Calculating the nth derivative of $\frac{x}{x+1}$

Question

I was asked to calculate the nth derivative of $f(x) =\frac{x}{x+1}$. My solution:

$$ f'(x) = (x+1)^{-2}$$ $$f''(x) = (-2)(x+1)^{-3}$$ $$f'''(x) = (-2)(-3)(x+1)^{-4}$$ $$f^{n}(x) = n!(x+1)^{-(n+1)} . (-1)^{n+1}$$

I was confident that I got the right answer, but when I check the memo, it said the answer was the same as mine except for the $(-1)$ part.

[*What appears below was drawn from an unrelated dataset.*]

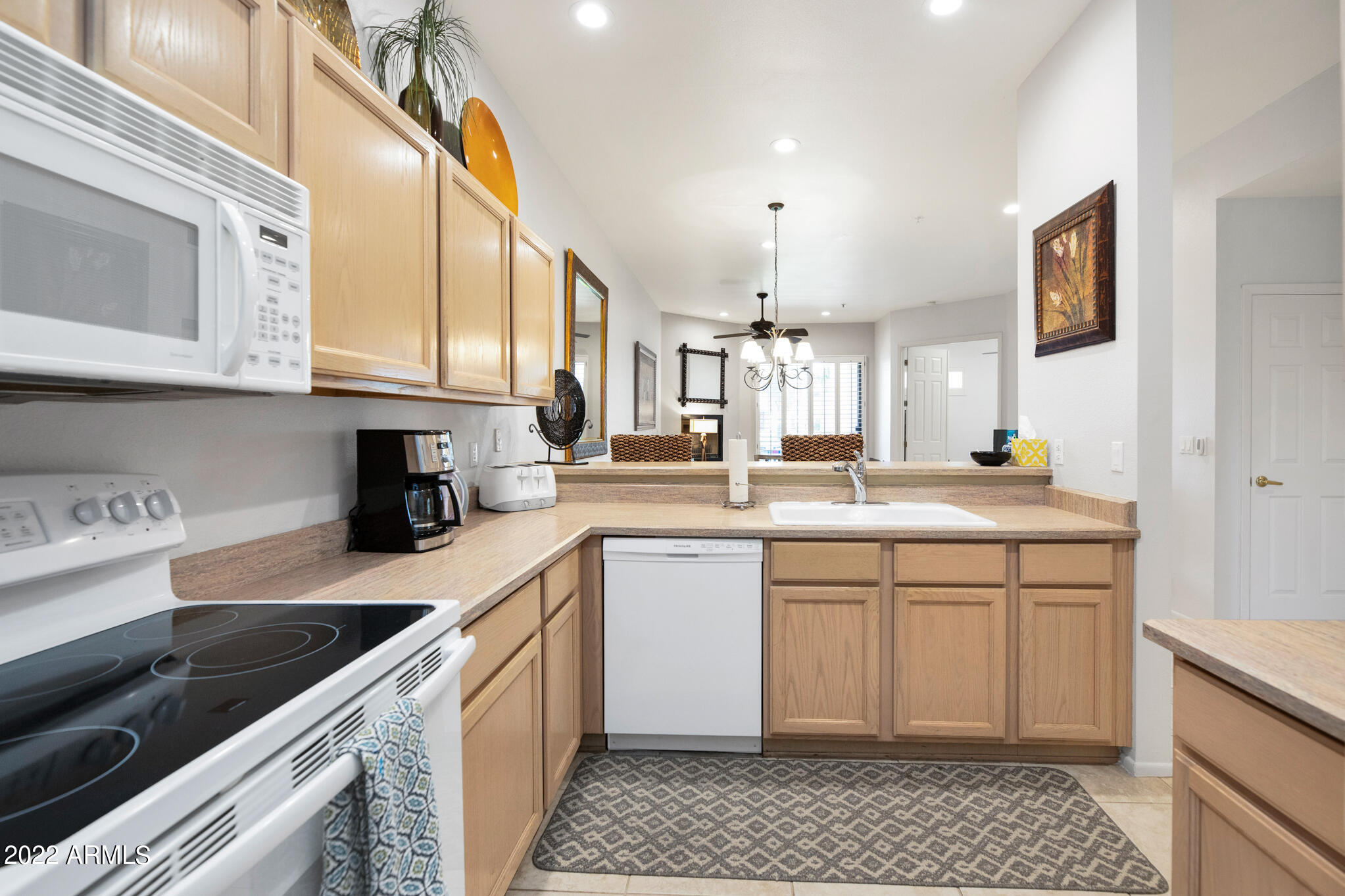 8270 North Hayden Road, Unit 1026 Scottsdale, AZ 85258 - Photo 8 of 27 7D3A1597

It said $(-1)^{n-1}$ instead of what I said. My question is is it still right anyways?

Answer 1

Hint: $\dfrac{x}{x+1}=1-\dfrac1{x+1}$

In other words, your solution looks correct. Note that $(-1)^{n-1}=(-1)^{n+1}$

Answer 2

Note that $$\frac x{x+1}=1-\frac1{x+1}=1-(x+1)^{-1}$$ So the $n$-th derivative is immediately seen to be $$-(-1)(-2)\ldots(-n)(x+1)^{-n-1}=\frac{(-1)^{n+1}n!}{(x+1)^{n+1}}$$ So you see that both your answer and the solution is right, but $(-1)^{n+1}$ seems to fit nicer with the exponent of $(x+1)$.

Answer 3

Of course it's right, you only have to realize that

$$(-1)^{n+1}=(-1)^{n-1+2}=(-1)^{n-1} (-1)^2 = (-1)^{n-1}$$

As a suggestion, you could try to prove your expression for $f^{(n)}(x)$ in a more rigorous way using induction, if you haven't done that so far! ;)